However, as Tom expected to have other trials when his motor was in even better shape, he was not exactly sorry for the absence of his friends.

"Contact!" called the young inventor, when Jackson had stepped back, indicating it was time to throw over the switch.

"Let her go!" cried Tom, and the next moment the motor was in operation, but so silently that his voice and that of Mr. Damon's could easily be heard above the machinery.

"Good, Tom! That's good!" cried Mr. Swift, and Tom easily heard his father's voice, though under other, and ordinary, circumstances this would have been impossible.

True, the hearing of Tom and Mr. Damon was muffled to a certain extent by the heavy leather and fur-lined caps they wore. But Tom had several small eyelet holes set into the flaps just over the opening of the ears, and these holes were sufficient to admit sounds, while keeping out most of the cold that obtains in the upper regions.

The aeroplane moved swiftly along the level starting ground, and away from the lighted hangars.
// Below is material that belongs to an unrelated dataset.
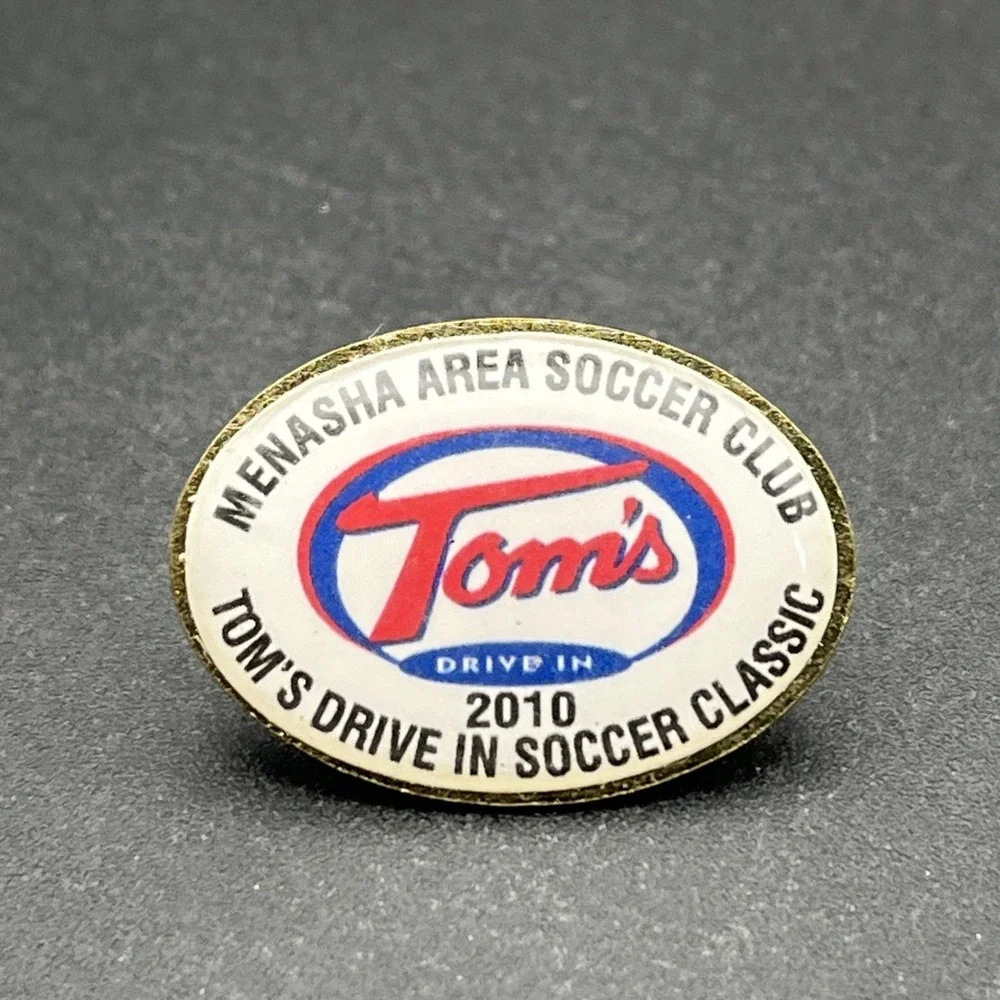 2010 Tom's Drive In Soccer Classic Menasha Area Soccer Club Lapel Hat Pin‎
Faster and faster it swung along as Tom headed it into the wind, and then, as the speed of the motor increased, the Air Scout suddenly left the earth and went soaring aloft as she had done before.

But there was this difference. She moved almost as silently as a great owl which swoops down out of the darkness—a bit of the velvety blackness itself. Up and up, and onward and onward, went the Air Scout. Tom Swift's improved, silent motor urged it onward, and as the young inventor listened to catch the noise of the machinery, his heart gave a bound of hope. For he could detect only very slight sounds.

"She's a success!" exulted Tom to himself. "She's a success, but she isn't perfect yet," he added. "I've got to make the muffler bigger and put in more baffle-plates. Then I think I can turn the trick."

He swung the machine out over the open country, and then, when they were up at a height and sailing along easily, he called back to Mr. Damon in the seat behind him:

"How do you like it?"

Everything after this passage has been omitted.